The survey segments object detection methods into four types, providing readers with a structured overview:

  1. Template Matching-Based Methods: These methods involve generating templates that match target objects at various positions, translations, and rotations in source images. The survey differentiates between rigid and deformable template matching, highlighting their respective strengths and limitations. For instance, rigid template matching can be computationally less intensive but is sensitive to shape variances, while deformable template matching accommodates shape deformations but is computationally expensive.
  2. Knowledge-Based Methods: Based on predefined rules and domain knowledge, these methods translate object detection problems into hypothesis testing issues. The survey emphasizes the use of geometric and context knowledge, utilizing prior knowledge about the objects' shapes and contextual relationships with their surroundings.
  3. OBIA-Based Methods: Object-based image analysis methods consider groups of homogeneous pixels to identify meaningful objects within images. The paper outlines the two-step process of image segmentation and object classification, noting the advantages of incorporating GIS functionalities and the challenges in defining appropriate segmentation parameters.
  4. Machine Learning-Based Methods: Current advancements in machine learning have significantly influenced object detection. The paper pays particular attention to various feature extraction methods, such as Histogram of Oriented Gradients (HOG), Bag-of-Words (BoW), texture features, sparse representation, and Haar-like features, focusing on their use in object detection. The survey also reviews several classifiers, including SVM, AdaBoost, k-NN, CRF, SRC, and ANN.

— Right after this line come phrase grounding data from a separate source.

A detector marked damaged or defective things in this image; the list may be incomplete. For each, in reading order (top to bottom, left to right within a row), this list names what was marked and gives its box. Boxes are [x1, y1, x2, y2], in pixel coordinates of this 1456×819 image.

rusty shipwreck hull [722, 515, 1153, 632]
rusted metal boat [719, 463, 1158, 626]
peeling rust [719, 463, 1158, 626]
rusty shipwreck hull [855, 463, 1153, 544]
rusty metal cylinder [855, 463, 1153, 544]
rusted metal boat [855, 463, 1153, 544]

Datasets and Evaluation Metrics

The paper identifies five publicly available datasets that facilitate the evaluation and comparison of object detection methods:

  • NWPU VHR-10: Contains diverse objects such as airplanes, ships, storage tanks, and vehicles.
  • SZTAKI-INRIA Building Detection Dataset: Focuses on building identification.
  • TAS Aerial Car Detection Dataset: Targets vehicle detection.
  • OIRDS: Designed for vehicle detection algorithms.
  • IITM Road Extraction Dataset: Aims at road detection.

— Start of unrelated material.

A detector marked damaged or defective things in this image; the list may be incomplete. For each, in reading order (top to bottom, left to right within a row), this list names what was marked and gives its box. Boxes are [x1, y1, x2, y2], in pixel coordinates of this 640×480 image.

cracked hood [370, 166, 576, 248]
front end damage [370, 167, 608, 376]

Standard evaluation metrics discussed include precision-recall curves (PRC), F-measure, and average precision (AP). These metrics provide a rigorous framework for assessing the efficacy of object detection methods.

Challenges and Future Directions

The paper outlines several challenges in current studies, such as handling the variability in object appearance, dealing with occlusions and complex backgrounds, and meeting the requirements of various application areas. To address these challenges, the authors suggest two promising research directions:

  1. Deep Learning-Based Feature Representation: The paper notes that most existing methods rely on handcrafted or shallow learning-based features. Deep learning offers stronger feature representation capabilities, which can potentially improve the accuracy and robustness of object detection methods despite challenges like dependence on large datasets and computational intensiveness.
  2. Weakly Supervised Learning-Based Geospatial Object Detection: Given the difficulty in obtaining adequately labeled training data, weakly supervised learning (WSL) presents a viable alternative. This approach reduces the annotation burden by using binary labels for training, and the survey highlights recent efforts demonstrating the feasibility of WSL for geospatial object detection. Future work should focus on developing WSL frameworks that can handle multiple classes and improving detection performance.

Conclusion

Cheng and Han offer an extensive survey of object detection methods in optical RSIs, categorizing existing techniques and discussing their strengths and limitations. By providing a detailed review of datasets and evaluation metrics, and suggesting future research directions, this survey serves as a valuable resource for researchers in the field. The emphasis on deep learning and weakly supervised learning points to significant areas of potential advancement, setting the stage for future innovations in object detection in optical remote sensing images.